You need some baseline skills and knowledge beyond what is normally part of a math PhD program. You might enjoy the book Data Science for Mathematicians (full disclosure: I wrote a chapter of the book, but get no money from sales). The skills you need for success in data science are:
- Computational/algorithmic thinking, i.e., how to come up with an algorithm to solve a problem, and then implement that algorithm in code. I'd focus on Python first as it's easier to learn than C++ and sufficient for many data science jobs.

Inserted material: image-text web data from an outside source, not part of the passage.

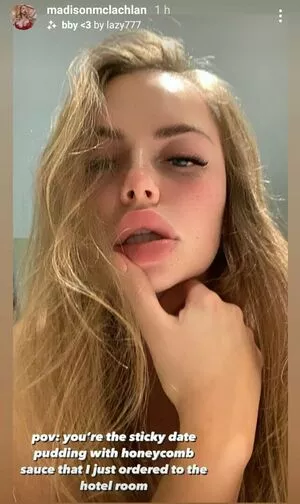 Madison Mclachlan OnlyFans Leaked Free Thumbnail Picture - #64UO1dA4Vh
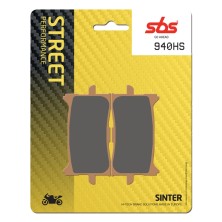 SBS FRONT BRAKE PAD HONDA HS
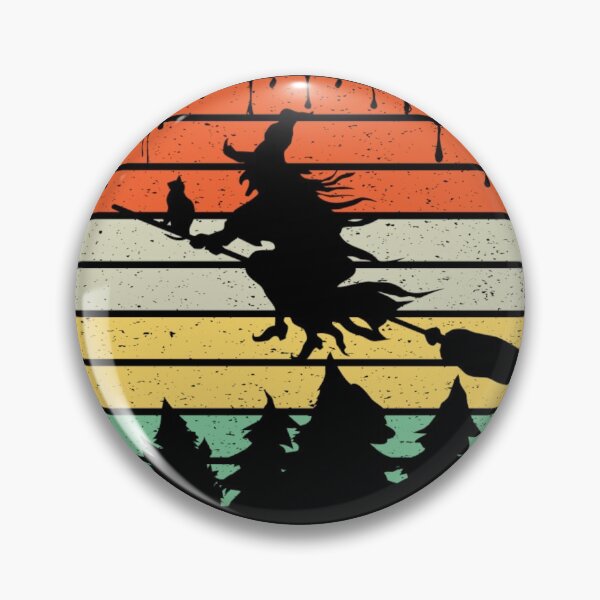 Item preview, Witch in Halloween Sunset designed and sold by widianeworld.
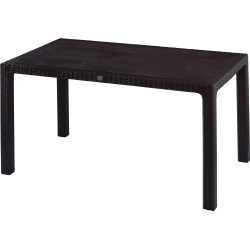 Masa Magnusplus Rattan 120x70 (Brown) Thumb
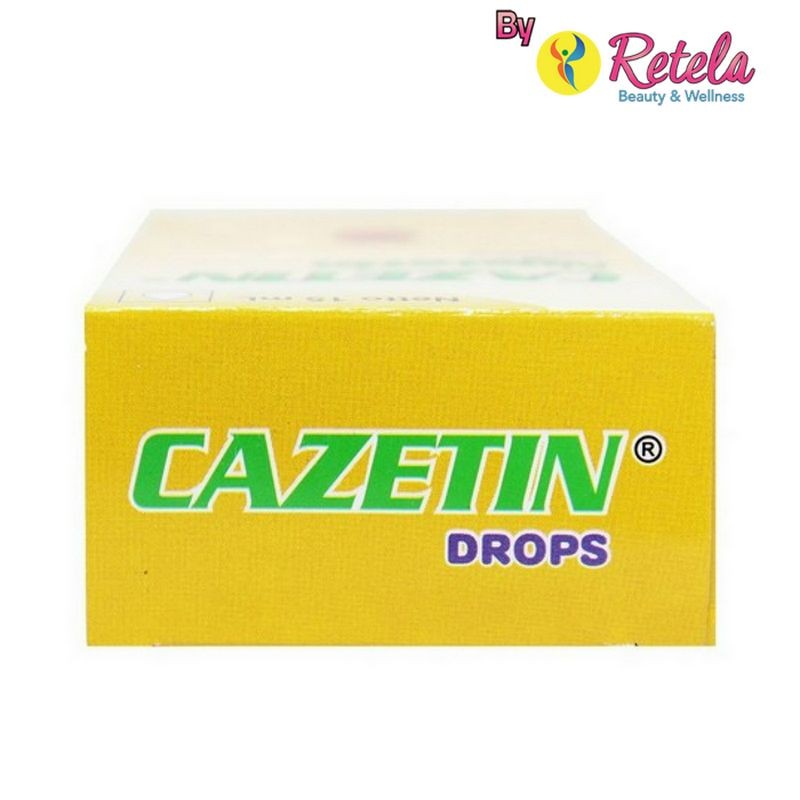 CAZETIN DROPS 15ML/ NYSTATIN/ CANDIDIASIS/ SARIAWAN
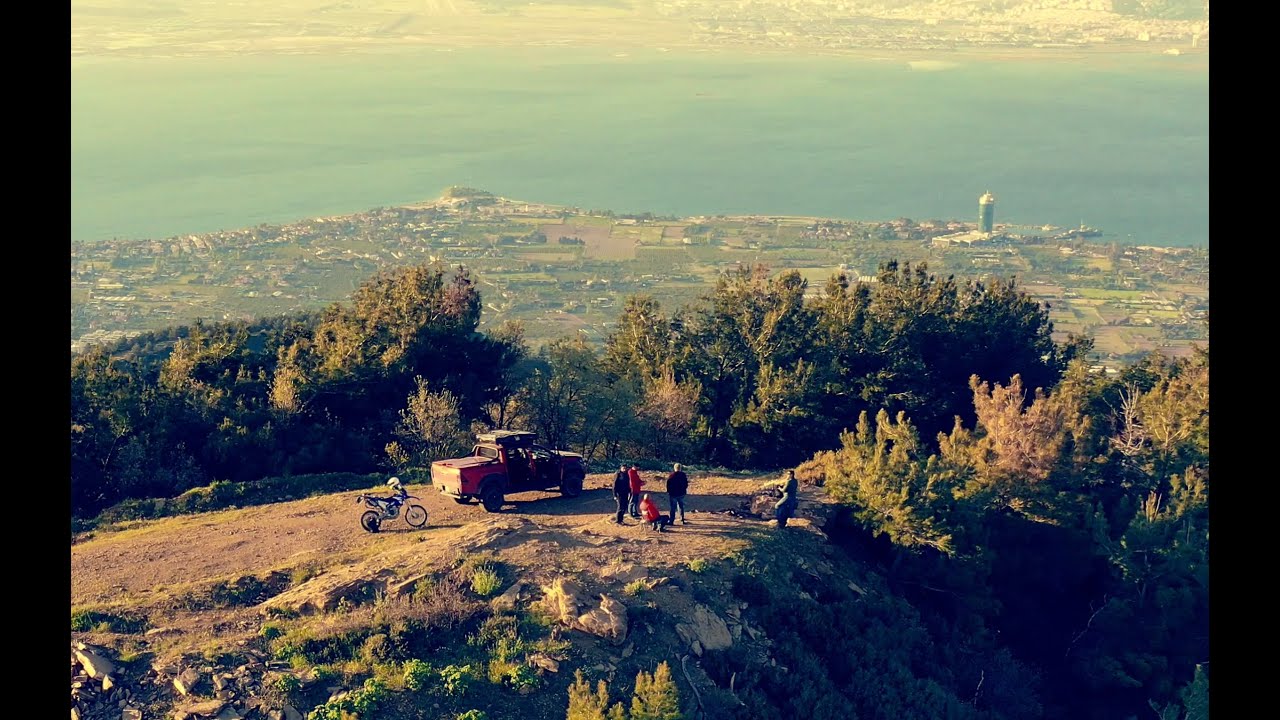 OFF ROAD - İzmir'in Zirvesi - Çatalkaya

- Statistical thinking, like the content of a good stats course at the undergrad level, plus how to fit and assess models in R. Even better if you can read a book about Bayesian stats, time series analysis, and statistical learning (aka machine learning aka data mining).
- Clustering
- Operations Research
- Linear algebra, machine learning (like PCA, SVD, separating hyperplanes), dimensionality reduction
Once you've got the basics, you might consider a data science bootcamp to really put theory into practice. It might also be wise to carry out these algorithms on various interesting real-world data sets, and build up a portfolio of work that you could show prospective employers via a link to your GitHub.
Depending on what, specifically, you find most appealing about data science, it could also be good to learn about the following topics (covered in the book Data Systems, of which I am an author, among many other places):
- Tidy data, and the pandas package in Python
- Relational data, like SQL
- Hierarchical data, like html files
- Web scraping, APIs, and security/permissions issues
Don't expect to learn everything before you even start working as a data scientist. Part of how you can market yourself is as someone who can pick up new skills on the fly, and implement them at a high level. Expect to be learning for many years to come (hopefully that appeals to you). Another good way to market yourself is as someone who understands linear algebra at a very deep level. Most of machine learning and data science hinge on linear algebra, and folks working in those areas know the value of a mathematician who can think about linear algebra from a variety of viewpoints, and can use linear algebra techniques (which can be implemented as fast algorithms) to solve a variety of hard problems. Mathematical/analytical thinking can also be useful on the software engineering side (e.g., producing good test cases, producing code that is guaranteed to work) and on the stats side (thinking deeply about issues of bias and how that affects the analysis, understanding statistical techniques/tests/models deeply enough to be able to modify them when one of the assumptions is not met).
Lots of people have successfully made this transition, and if you get on LinkedIn you can find them and learn from their experiences. Believe in yourself, work hard, and think of (and market) yourself as a success instead of as a failure, and you can have confidence that you will succeed and get a great job. Good luck!